Données officielles pour 2012 en dernière page de ce document :
http://www.drees.sante.gouv.fr/IMG/pdf/seriestat185.pdf
Le calcul détaillé des 10,1% est celui-ci : (5791+2660+14366)/(243011-17665), en millions d’euros, et celui-là pour les 6,4% : 14366/(243011-17665), toujours en millions d’euros.
La formation et la recherche sont exclues du calcul. il s’agit de dépenses publiques également mais généralement financées hors du circuit de l’assureur public.
On remarque que les frais de gestion ont augmenté moins vite que les dépenses depuis 2000. Bonne nouvelle ? Non malheureusement, car cela signifie qu’aucun effort de productivité n’a été réalisé, bien au contraire. En effet, pour l’assureur public monopolistique, rembourser 100 ou 1000 revient strictement au même. Autrement dit, l’assureur public coûte de plus en plus cher pour un service équivalent (qui en réalité se dégrade d’année en année). Sachant que dans le même temps, il a quand même réalisé d’importants gains de productivité, avec l’introduction de la carte vitale par exemple, cela signifie qu’il a gobé tous les gains de productivité à son profit, aux dépens des assurés. Et malgré ce tour de passe-passe qu’aurait apprécié Houdini, le déficit augmente, année après année.
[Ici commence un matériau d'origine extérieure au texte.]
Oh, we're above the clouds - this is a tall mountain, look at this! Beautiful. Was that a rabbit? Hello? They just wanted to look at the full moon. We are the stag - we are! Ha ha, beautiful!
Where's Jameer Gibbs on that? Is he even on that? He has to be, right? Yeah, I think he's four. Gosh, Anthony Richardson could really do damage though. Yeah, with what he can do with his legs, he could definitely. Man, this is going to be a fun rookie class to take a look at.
On note que la distinction public / privé indiquée dans le tableau est abusive, puisque le secteur privé ne finance qu’un reste à charge du secteur public. Il ne s’agit donc pas réellement d’une assurance privée concurrentielle, au premier euro, mais d’une simple contribution complémentaire au financement du monopole de l’assurance santé. Cerise sur le gâteau collectiviste, une partie des recettes des assureurs complémentaires est immédiatement reversée à la caisse publique sous forme de taxes, au titre de la CMU par exemple, conduisant à afficher des ratios de charges artificiellement élevés pour les assureurs prétendument privés.
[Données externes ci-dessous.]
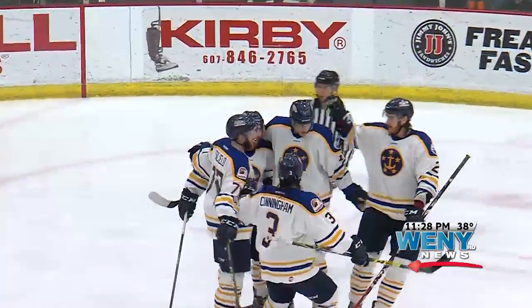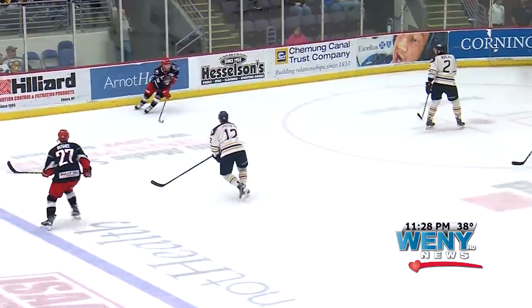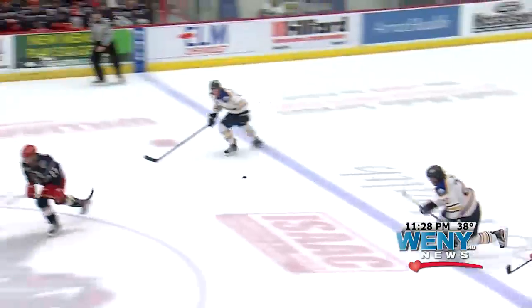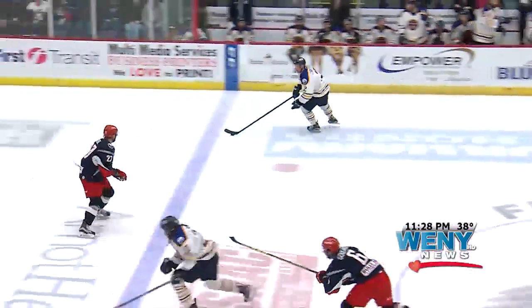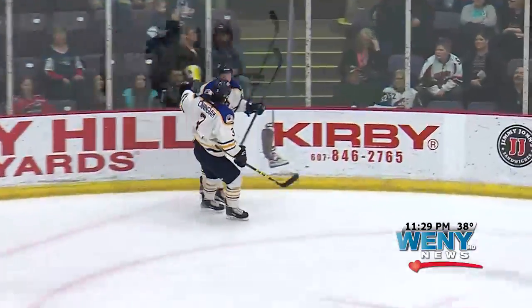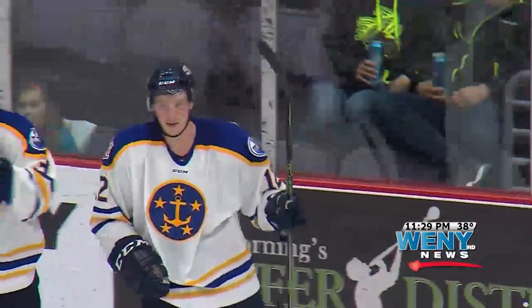Norfolk was up by a field goal. Time winding down in the second, Elmira on the power play looking to get on the board but the pass is picked off. Bad guys going the other way, two on one. Braden Christopher tries to get the pass across but it goes off a defender's leg and the crazy bounce gets past C.J. Mott — nothing he could do there.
Pour terminer, n’oublions pas le coût du ministère de la santé n’apparaissant pas dans le tableau, qui est pourtant un parfait doublon avec l’assureur monopolistique. A quand la fusion, histoire de réaliser quelques menues économies ?
Sauf qu’en France, il n’existe pas une mais une multitude de caisses (CPAM, MSA, RSI…) et de régimes spéciaux (CNMSS, CPRPSNCF, CANSSM…). Et c’est bien là le problème.
A Hong-kong le système de santé ne dépense que 4.6% du PIB et il y existes des hopitaux public et privés en concurrence.A Singapour c’est5.7% et un compte épargne santé universel est instauré.En Israël il y existe 4 caisses privées en concurrence et les dépenses de santé sont de 8% du PIB …Donc les solutions existent…On pourrait aussi amélioré la compensation(réassurance obligatoire) et passer à un marché national et non cantonal.Couplé avec une part d’épargne santé par exemple…Je précise que ces 3 pays ont une espérance de vie supérieure à 80 ans…
@libre
Je suis extrêmement intéressé par des liens ou références concernant vos chiffres pour ces 3 pays. Il y avait eu un article sur contrepoints parlant de Singapour mais non référencé.